JoAnn Collins, a passionate advocate for prairie conservation, shares her journey of falling in love with prairies and her efforts to raise awareness about their importance. She actively engages with the community and encourages others to understand and protect the local ecosystems. Read along as we dive into JoAnn’s prairie journey, showcasing her irreplaceable role within the NPAT community and how passionate individuals like her drive real change!


Can you share with us what initially sparked your love for prairies?

As a child my parents and grandparents would go on “Sunday Drives”. I wasn’t interested at first but without a phone and being a chronic carsick kid, I had to look out the window or I would get sick! As my family was calling out this crop or that crop, I found my attention drawn to the fencerows where the wild things grew. So I guess I had a secret crush on prairie plants. When I became a Texas Master Naturalist, I gravitated to trees and even took the Citizen Forestry class. However, things changed when I heard about trying to save a 200-acre tract of native prairie near Benbrook Lake. I became the sole organizer who searched for prairie advocates and planned a monthly hike on the prairie once a month until the prairie was sold to a developer. This group of people became the backbone of the new Fort Worth chapter of NPAT. During this time I met Kirsti Harms, Pat Merkord, and Amy Martin and soon got involved in planning the Prairie Conference that started the Fort Worth and Dallas chapters in 2014. I am a charter member of the FW-NPAT chapter which began with many of the folks I gathered to try to save this prairie. This summer marks our 10 year anniversary!

This sets up the way the prairie wormed its way into my heart. Those monthly prairie saunters truly revealed the prairie to me.

It’s not what it is on one day, but all days that make it special. Visiting at least once a month allowed me to see the changing palette that prairie’s very nature provides. If you don’t see something blooming on the prairie today, look harder! Even in the depths of winter there’s life there and the shades of bronze show the variety of flora that will burst forth in spring.

How do you actively engage with the community in Fort Worth to raise awareness about the importance of prairies?

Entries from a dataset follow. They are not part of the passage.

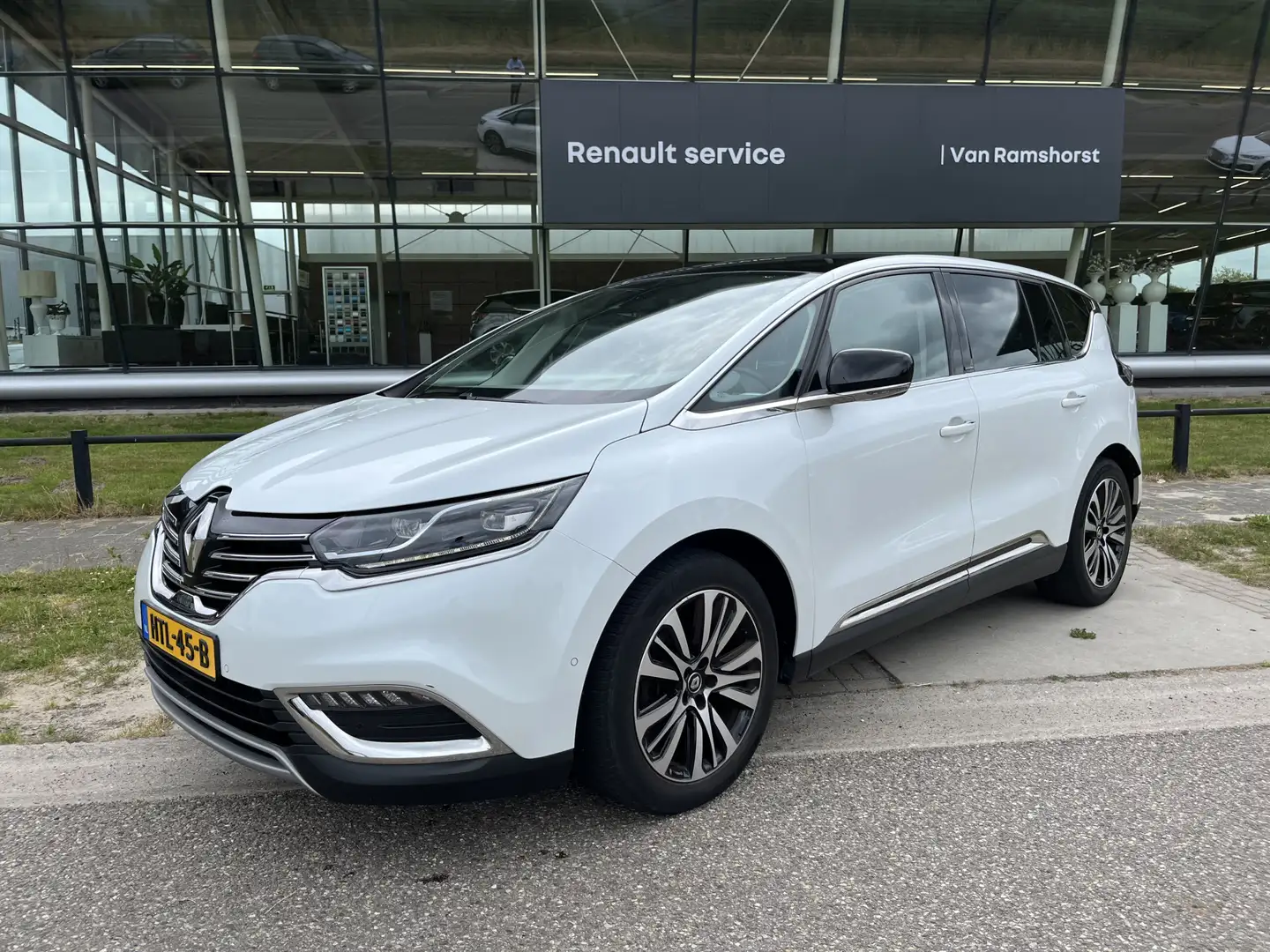 Renault Espace 1.6 dCi 160 PK Initiale Paris / Dealer onderhouden Wit - 1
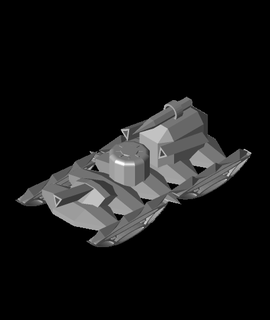 beacon doom - terrain destroyer Hobbies & Games 3d print model - Mito3D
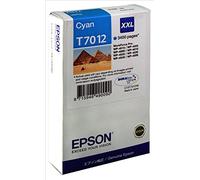 Epson T701240 Workforce Pro Wp 4015/4025/4545 Inkjet / Getto d'Inchiostro Cartuccia Originale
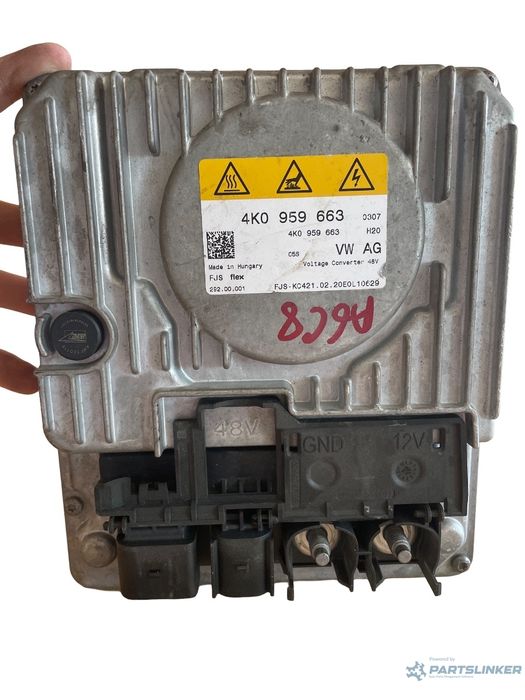 ECU modul/unitate de control motor AUDI A6 C8 2018 3.0 - > 4k0959663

With my trusty sidekick Evaline Woodrey, we attend all sorts of events to discuss prairies with the public. As a teacher, I encourage students to gain community service by attending events such as the annual Savage Cabbage Bash and all of our monthly chapter meetings. I even tell kids they can watch our local chapter meetings via zoom and send me an email telling me a couple of things they learned to earn service hours. Many students are not taught about the ecosystem they live in. I feel it’s more important to understand the ecosystem where you live, than the ecosystems across the planet!

As a state NPAT board member, I enjoy attending landowner workshops and finding out how their strategies are saving and restoring prairie. I have also been involved in supporting prairie conferences and I have attended some spectacular ones! I encourage others to attend these because you get to hear from boots on the ground prairie folks with the newest prairie research.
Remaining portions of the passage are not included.